Stouwie v. Stouwie

Annotate this Case

222 N.W.2d 435 (1974)

Elaine Artis STOUWIE, Appellant, v. Kenneth John STOUWIE, Appellee.

No. 2-56651.

Supreme Court of Iowa.

October 16, 1974.

*436 Elgin & Hoyman, Indianola, for appellant.

Bert A. Bandstra, Knoxville, for appellee.



At issue is custody of two children, Michelle Sue, born July 12, 1967, and Tammy Lynn, born September 27, 1968. They are children of Kenneth Stouwie and Elaine Stouwie Funk, parties to this litigation. In a divorce modification proceeding, Mahaska district court granted Kenneth's petition to transfer custody to him. Elaine appeals and we affirm.

Kenneth and Elaine were married January 29, 1966. When they were divorced May 1, 1969 custody was granted to Elaine pursuant to stipulation.

During the pre-divorce separation of these parties Kenneth began going with his present wife, Kristy. He married her on the day the divorce became final. Kristy then had custody of two children, issue of the first of her two prior marriages. Kenneth adopted these children. Another child has been born of his marriage to Kristy.

Kenneth and Kristy have moved four times during their marriage and he has changed employment three times. However, at time of trial Kenneth had held the same job for about two and one half years with Wausau Homes, Inc., at an annual salary of $12,300. For approximately the same period Kenneth, Kristy and the children had been living in an attractive 22 room rented house on a six acre tract in the country. Kenneth owned equities in a home and a commercial property in Ottumwa, Iowa. At time of trial Kenneth was 28 and Kristy 29.

Elaine's life was unsettled following the divorce. She also moved and changed employment several times. Usually she worked as a waitress-cook or in a factory. She had a short-lived marriage to Robert Evans which lasted from February 14, 1970 until July of the same year, at which time she left him. In January 1972 she left the state for two months, traveling to Kentucky and Michigan with a construction worker.
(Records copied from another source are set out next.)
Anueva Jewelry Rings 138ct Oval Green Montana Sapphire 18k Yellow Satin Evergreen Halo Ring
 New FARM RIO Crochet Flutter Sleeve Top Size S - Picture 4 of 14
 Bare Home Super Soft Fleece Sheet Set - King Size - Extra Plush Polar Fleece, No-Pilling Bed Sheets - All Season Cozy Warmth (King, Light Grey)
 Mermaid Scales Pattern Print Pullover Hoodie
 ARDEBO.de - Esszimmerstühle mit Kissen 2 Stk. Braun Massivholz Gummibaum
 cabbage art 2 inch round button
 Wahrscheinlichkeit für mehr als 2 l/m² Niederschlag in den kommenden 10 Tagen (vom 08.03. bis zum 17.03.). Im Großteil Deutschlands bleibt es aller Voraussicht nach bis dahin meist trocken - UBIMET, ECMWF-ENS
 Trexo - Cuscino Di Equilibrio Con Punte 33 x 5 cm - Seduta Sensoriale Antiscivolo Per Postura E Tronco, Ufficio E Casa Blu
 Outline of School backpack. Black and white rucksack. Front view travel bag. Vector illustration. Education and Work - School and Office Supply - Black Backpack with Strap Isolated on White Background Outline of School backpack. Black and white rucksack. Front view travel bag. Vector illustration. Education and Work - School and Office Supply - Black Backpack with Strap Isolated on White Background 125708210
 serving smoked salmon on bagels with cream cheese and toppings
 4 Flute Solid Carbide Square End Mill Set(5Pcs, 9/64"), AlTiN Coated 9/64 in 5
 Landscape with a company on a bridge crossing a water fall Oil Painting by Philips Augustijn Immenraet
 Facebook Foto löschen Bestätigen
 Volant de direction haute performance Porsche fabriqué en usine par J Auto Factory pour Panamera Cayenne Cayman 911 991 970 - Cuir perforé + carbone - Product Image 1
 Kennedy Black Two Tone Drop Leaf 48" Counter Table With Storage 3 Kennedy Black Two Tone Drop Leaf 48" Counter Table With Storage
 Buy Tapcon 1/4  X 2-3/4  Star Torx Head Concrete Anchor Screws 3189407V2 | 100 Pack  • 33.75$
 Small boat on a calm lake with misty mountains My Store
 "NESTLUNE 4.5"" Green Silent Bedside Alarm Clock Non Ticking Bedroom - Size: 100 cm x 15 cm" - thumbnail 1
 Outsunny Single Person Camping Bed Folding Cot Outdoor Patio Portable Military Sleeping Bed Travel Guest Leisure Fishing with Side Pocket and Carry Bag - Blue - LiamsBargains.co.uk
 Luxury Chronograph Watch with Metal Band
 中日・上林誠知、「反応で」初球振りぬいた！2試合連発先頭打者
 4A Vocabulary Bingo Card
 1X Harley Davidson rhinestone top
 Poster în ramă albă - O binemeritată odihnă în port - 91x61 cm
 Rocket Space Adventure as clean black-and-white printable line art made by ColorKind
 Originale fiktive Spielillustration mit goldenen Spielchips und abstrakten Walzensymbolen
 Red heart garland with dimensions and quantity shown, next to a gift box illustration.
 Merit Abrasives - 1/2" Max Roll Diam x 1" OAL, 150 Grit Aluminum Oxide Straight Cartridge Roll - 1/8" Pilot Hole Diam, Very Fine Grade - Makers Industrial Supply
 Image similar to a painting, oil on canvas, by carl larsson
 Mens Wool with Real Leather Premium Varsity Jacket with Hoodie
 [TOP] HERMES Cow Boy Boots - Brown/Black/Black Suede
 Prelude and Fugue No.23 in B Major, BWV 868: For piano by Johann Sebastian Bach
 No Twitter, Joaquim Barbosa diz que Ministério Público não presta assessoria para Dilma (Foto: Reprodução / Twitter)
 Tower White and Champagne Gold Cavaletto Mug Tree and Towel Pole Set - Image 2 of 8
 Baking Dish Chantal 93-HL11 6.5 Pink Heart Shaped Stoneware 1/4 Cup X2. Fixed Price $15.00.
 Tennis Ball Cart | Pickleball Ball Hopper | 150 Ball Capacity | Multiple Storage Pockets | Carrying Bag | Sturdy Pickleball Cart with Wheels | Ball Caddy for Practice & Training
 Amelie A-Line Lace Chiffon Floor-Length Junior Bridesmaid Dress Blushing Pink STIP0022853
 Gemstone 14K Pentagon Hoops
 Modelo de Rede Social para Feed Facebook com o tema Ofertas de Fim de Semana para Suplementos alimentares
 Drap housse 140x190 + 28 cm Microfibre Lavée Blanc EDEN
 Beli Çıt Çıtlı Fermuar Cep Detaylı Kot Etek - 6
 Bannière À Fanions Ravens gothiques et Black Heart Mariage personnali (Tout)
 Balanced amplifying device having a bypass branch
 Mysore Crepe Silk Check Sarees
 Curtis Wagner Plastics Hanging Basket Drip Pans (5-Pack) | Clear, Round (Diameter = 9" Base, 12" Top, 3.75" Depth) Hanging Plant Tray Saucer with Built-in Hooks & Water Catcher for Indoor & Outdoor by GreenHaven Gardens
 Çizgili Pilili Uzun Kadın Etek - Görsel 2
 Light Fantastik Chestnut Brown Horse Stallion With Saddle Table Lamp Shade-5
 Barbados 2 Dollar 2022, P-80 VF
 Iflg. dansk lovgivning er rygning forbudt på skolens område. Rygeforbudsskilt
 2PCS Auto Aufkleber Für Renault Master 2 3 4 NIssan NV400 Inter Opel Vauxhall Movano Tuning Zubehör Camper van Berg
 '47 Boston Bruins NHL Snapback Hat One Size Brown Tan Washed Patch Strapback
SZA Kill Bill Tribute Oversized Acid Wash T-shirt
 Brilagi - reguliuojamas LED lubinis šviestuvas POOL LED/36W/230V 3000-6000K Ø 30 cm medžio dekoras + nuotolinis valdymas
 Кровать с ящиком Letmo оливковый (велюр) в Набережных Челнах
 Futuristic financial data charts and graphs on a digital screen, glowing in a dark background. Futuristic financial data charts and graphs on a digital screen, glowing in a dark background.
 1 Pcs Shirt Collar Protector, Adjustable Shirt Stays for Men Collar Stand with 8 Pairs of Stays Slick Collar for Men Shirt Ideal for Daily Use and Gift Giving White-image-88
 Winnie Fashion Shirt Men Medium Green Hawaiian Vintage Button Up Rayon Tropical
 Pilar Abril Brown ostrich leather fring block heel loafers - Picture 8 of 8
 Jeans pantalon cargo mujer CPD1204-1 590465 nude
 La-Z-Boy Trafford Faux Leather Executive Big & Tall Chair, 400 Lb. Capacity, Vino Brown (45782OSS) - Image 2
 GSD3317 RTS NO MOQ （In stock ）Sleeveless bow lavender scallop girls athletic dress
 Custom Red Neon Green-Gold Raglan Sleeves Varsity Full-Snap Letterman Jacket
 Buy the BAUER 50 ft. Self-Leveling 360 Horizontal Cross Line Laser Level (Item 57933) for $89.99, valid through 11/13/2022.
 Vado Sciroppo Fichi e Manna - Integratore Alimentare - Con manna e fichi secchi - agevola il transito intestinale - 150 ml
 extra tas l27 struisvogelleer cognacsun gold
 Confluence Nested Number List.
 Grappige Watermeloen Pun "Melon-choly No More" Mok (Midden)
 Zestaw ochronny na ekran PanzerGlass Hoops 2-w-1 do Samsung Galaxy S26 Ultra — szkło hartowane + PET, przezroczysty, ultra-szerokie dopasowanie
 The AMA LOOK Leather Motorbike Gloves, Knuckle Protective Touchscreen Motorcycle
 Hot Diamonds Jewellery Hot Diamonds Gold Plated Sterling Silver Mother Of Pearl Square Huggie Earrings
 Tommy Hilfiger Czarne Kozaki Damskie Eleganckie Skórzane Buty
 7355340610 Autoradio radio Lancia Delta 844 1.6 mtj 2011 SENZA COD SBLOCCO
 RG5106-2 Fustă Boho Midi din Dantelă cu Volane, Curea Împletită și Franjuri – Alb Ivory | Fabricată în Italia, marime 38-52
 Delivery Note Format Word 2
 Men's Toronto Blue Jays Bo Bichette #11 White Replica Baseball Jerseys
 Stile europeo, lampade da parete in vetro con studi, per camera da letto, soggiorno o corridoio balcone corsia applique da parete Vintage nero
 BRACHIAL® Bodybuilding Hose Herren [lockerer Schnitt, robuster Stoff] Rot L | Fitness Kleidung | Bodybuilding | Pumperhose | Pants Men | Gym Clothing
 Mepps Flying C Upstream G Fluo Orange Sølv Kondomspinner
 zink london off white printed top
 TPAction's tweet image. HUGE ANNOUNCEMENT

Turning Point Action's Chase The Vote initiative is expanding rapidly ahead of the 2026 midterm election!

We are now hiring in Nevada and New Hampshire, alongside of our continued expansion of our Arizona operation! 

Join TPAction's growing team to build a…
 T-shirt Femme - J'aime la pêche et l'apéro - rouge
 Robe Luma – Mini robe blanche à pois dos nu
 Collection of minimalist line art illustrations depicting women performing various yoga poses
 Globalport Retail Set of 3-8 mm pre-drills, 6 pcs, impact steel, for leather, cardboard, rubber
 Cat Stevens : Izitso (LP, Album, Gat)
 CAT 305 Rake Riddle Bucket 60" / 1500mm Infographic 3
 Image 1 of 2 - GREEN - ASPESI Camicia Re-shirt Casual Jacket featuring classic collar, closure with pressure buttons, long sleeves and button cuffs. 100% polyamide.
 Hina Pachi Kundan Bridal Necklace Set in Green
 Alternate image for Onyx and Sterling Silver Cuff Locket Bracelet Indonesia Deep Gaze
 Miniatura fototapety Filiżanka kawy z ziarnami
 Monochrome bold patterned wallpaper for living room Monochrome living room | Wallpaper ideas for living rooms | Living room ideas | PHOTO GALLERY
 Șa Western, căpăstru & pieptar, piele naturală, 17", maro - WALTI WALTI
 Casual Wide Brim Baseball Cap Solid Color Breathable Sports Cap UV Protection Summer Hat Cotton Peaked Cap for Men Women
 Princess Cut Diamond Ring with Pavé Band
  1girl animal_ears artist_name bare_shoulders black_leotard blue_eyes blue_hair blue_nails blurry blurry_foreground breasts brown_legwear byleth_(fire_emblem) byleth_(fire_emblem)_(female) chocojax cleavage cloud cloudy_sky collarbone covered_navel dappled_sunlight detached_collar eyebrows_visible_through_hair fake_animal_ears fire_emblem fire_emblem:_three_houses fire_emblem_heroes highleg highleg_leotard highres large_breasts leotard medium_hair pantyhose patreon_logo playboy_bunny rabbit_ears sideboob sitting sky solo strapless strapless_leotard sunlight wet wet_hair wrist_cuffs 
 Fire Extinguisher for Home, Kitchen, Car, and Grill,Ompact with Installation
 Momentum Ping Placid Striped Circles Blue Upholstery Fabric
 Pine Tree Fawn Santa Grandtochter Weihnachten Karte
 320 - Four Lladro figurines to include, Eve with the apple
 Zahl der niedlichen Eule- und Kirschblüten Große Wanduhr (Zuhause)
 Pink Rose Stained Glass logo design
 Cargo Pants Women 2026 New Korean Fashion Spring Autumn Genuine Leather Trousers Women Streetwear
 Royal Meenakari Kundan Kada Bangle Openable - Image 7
In December of 1972 Elaine's marriage to Evans was legally terminated and in the same month she married Curtis Funk, who had been twice previously married. Curtis is an over-the-road truck driver who earns approximately $18,000 annually. At trial time Elaine was 25, Curtis was 43, and his daughter by his first marriage, who lived with them, was 19. They reside in an apartment in Knoxville, Iowa, but Elaine and Curtis testified if they obtained custody of Michelle and Tammy they would move to a home owned by Curtis near Des Moines.

Although the May 1969 divorce decree granted custody of these two children to Elaine, Kenneth and Kristy have had de facto custody for most of the time since that date. Elaine kept the children about 90 percent of the time until December 1969. From then until she married Evans in February 1970 she allowed the Stouwies to have the children "most of the time," apparently because she was working. While Elaine was living with Evans, Kenneth and Kristy kept Michelle and Tammy and she saw them only on visits. Elaine suggested this arrangement because the girls made Evans nervous and she feared for their safety.

*437 Elaine asked for return of the children in August 1970, following her separation from Evans. Kenneth refused and filed a petition for modification on August 18, 1970. The same day an ex parte order was issued granting Kenneth temporary custody of Michelle and Tammy. He has retained custody since that date. Elaine has exercised visitation rights.

The modification matter finally went to trial on July 17, 1973. The reason for this delay is disputed. Kenneth claims Elaine was stalling because she realized she was in no position to keep the children. Elaine blames her then (not present) counsel, whom she asserts told her she could not bring the matter on for trial because she was not petitioner in the proceeding. Her initial counsel did enter an appearance and filed answer. He also filed a motion to dissolve the ex parte custodial order, which motion was never set for hearing. The record is clear the delay was not attributable to Kenneth or his counsel.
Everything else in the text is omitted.